## DIRECTIONS
Transcribe the whole listing exactly, but do not carry over its pictures.

## SUPPLIED INFORMATION
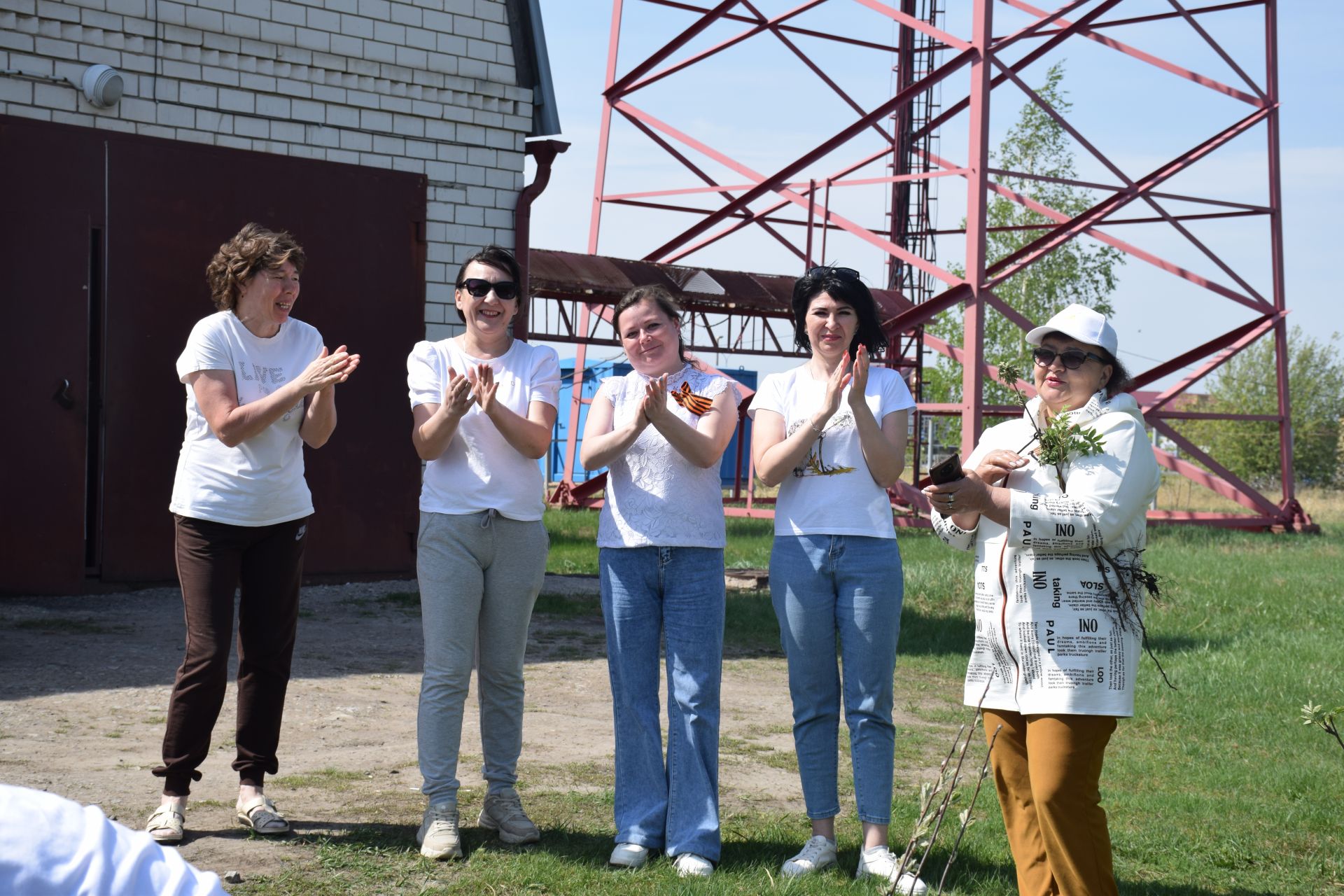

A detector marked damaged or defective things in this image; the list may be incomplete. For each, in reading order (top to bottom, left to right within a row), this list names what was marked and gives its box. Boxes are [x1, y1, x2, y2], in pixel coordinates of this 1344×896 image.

rusty metal frame [535, 0, 1311, 531]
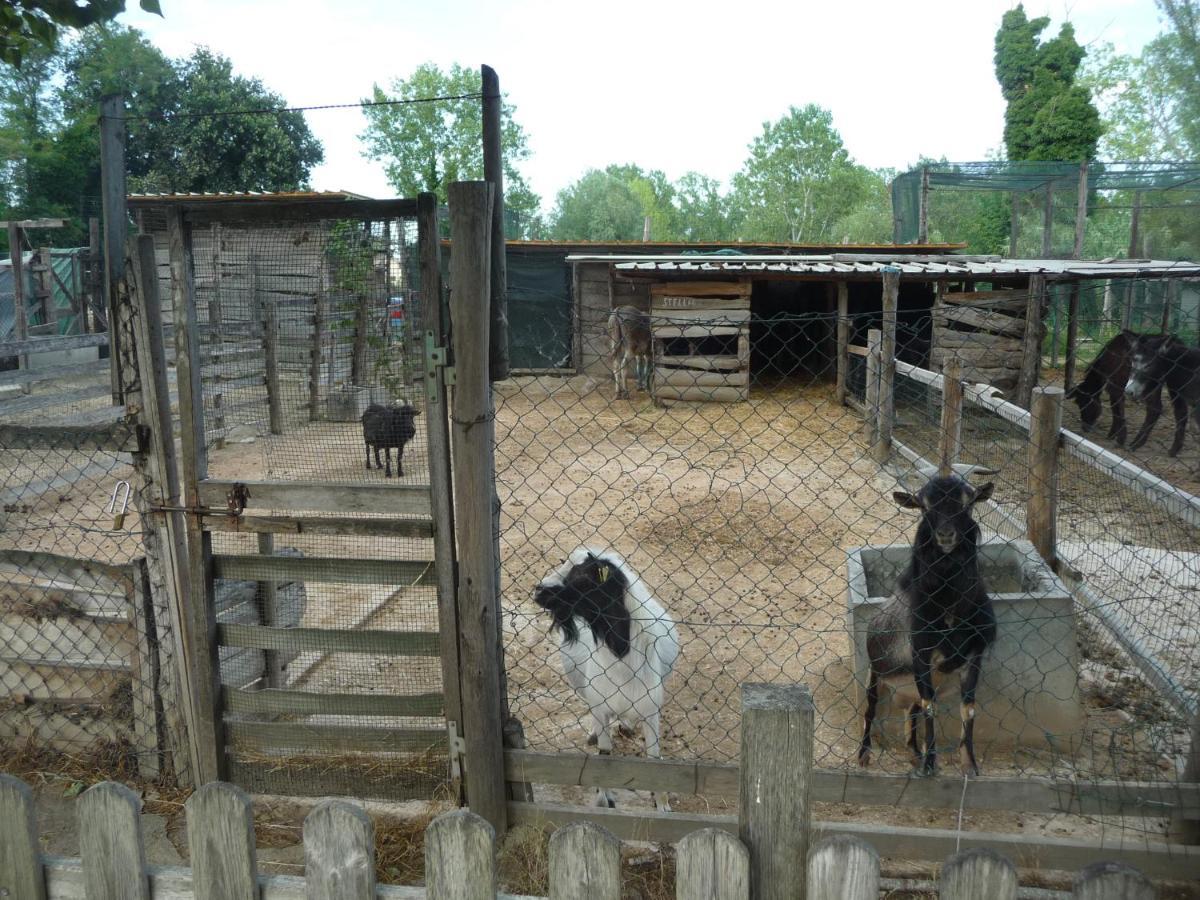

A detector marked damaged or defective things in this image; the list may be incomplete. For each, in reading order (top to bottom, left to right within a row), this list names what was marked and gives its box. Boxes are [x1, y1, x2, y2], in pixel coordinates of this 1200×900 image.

rusty padlock [108, 482, 131, 532]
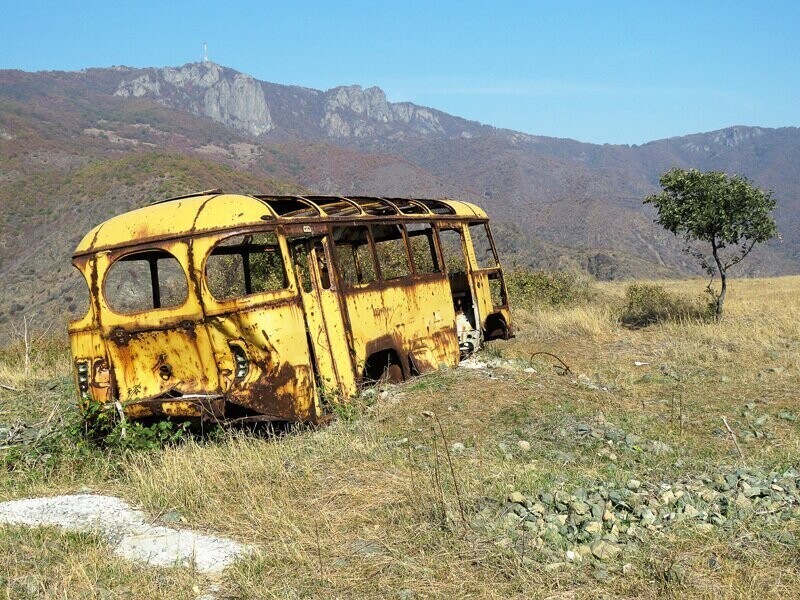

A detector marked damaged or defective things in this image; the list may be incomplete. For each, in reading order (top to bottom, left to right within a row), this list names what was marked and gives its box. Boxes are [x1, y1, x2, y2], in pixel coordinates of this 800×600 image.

broken window [104, 248, 188, 314]
broken window [206, 232, 288, 302]
abandoned yellow bus [72, 192, 516, 422]
broken window [334, 227, 378, 288]
broken window [372, 225, 412, 282]
broken window [410, 223, 440, 274]
broken window [438, 227, 468, 274]
broken window [466, 223, 496, 270]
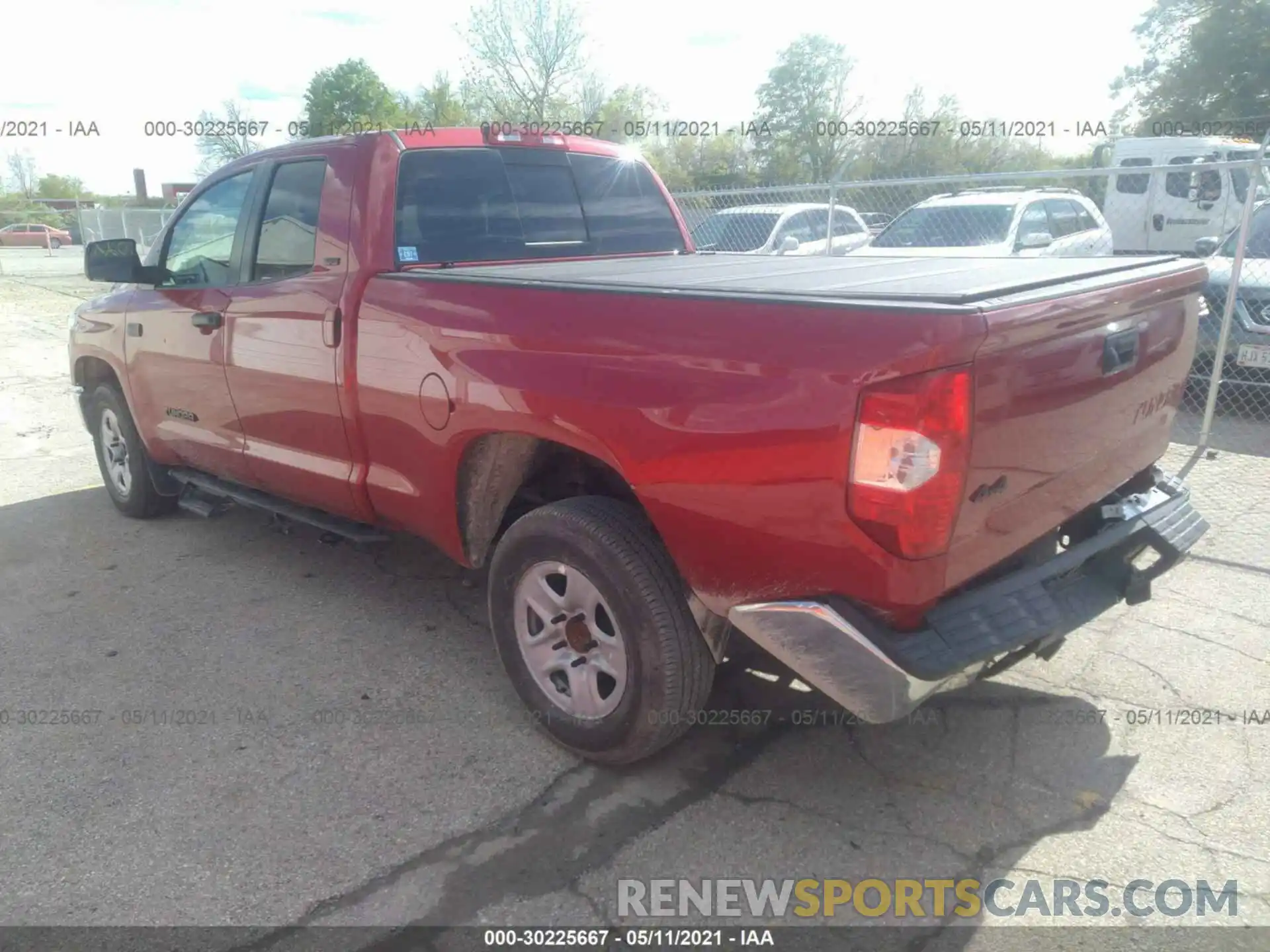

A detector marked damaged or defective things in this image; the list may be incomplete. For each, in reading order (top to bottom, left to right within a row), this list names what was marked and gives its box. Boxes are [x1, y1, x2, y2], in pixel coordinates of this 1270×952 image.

cracked pavement [2, 249, 1270, 947]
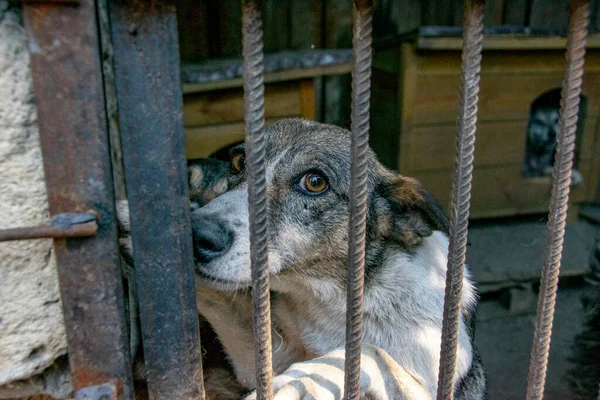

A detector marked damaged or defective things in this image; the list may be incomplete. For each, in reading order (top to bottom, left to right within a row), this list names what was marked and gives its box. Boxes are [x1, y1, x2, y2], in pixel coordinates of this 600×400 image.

rusty metal bar [0, 212, 97, 241]
rusty metal bar [21, 1, 134, 398]
rusty metal bar [105, 1, 204, 398]
rusty metal bar [241, 0, 274, 396]
rusty metal bar [344, 0, 372, 400]
rusty metal bar [434, 0, 486, 400]
rusty metal bar [524, 0, 592, 396]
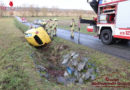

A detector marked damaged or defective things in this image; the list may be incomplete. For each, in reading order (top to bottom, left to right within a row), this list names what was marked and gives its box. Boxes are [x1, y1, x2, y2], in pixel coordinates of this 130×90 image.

## ANSWER
A detector marked damaged or defective things in this image; the list may be incomplete. For each, in reading order (top to bottom, left to right within a row), this list names what was marked and gives its box. Boxes are [x1, y1, x2, y2], in pixel coordinates of this 1344×896 image.

rusty metal frame [535, 0, 1311, 531]

A detector marked damaged or defective things in this image; the list may be incomplete. For each, in reading order (top to bottom, left to right within a row), this list names what was marked and gives its box. Boxes are [x1, y1, x2, y2], in pixel coordinates of this 1200×900 image.

rusty padlock [108, 482, 131, 532]

A detector marked damaged or defective things in this image; the list may be incomplete. For each, in reading order (top to bottom, left to right within a row), this list names what was marked and gives its box. Boxes are [x1, y1, x2, y2], in pixel coordinates of this 800×600 image.

broken window [104, 248, 188, 314]
broken window [206, 232, 288, 302]
abandoned yellow bus [72, 192, 516, 422]
broken window [334, 227, 378, 288]
broken window [372, 225, 412, 282]
broken window [410, 223, 440, 274]
broken window [438, 227, 468, 274]
broken window [466, 223, 496, 270]

A detector marked damaged or defective things in this image; the list may be incomplete. For each, in reading order (top to bottom, left to right within a row), this list names what was marked and gives its box. Boxes are [x1, y1, x2, y2], in pixel coordinates of this 1270×952 image.

cracked pavement [2, 249, 1270, 947]

A detector marked damaged or defective things in this image; the list may be incomplete. For each, in reading order (top to bottom, left to right within a row), this list names what was marked and gives its box. Boxes are [x1, y1, x2, y2], in pixel coordinates of this 600×400 image.

rusty metal bar [0, 212, 97, 241]
rusty metal bar [21, 1, 134, 398]
rusty metal bar [105, 1, 204, 398]
rusty metal bar [241, 0, 274, 396]
rusty metal bar [344, 0, 372, 400]
rusty metal bar [434, 0, 486, 400]
rusty metal bar [524, 0, 592, 396]

A detector marked damaged or defective things in this image; the list may be incomplete. For each, in reading order (top to bottom, left to right within a row), this list names what was marked and gives its box. Boxes are [x1, y1, x2, y2], in pixel coordinates of this 130×90 image.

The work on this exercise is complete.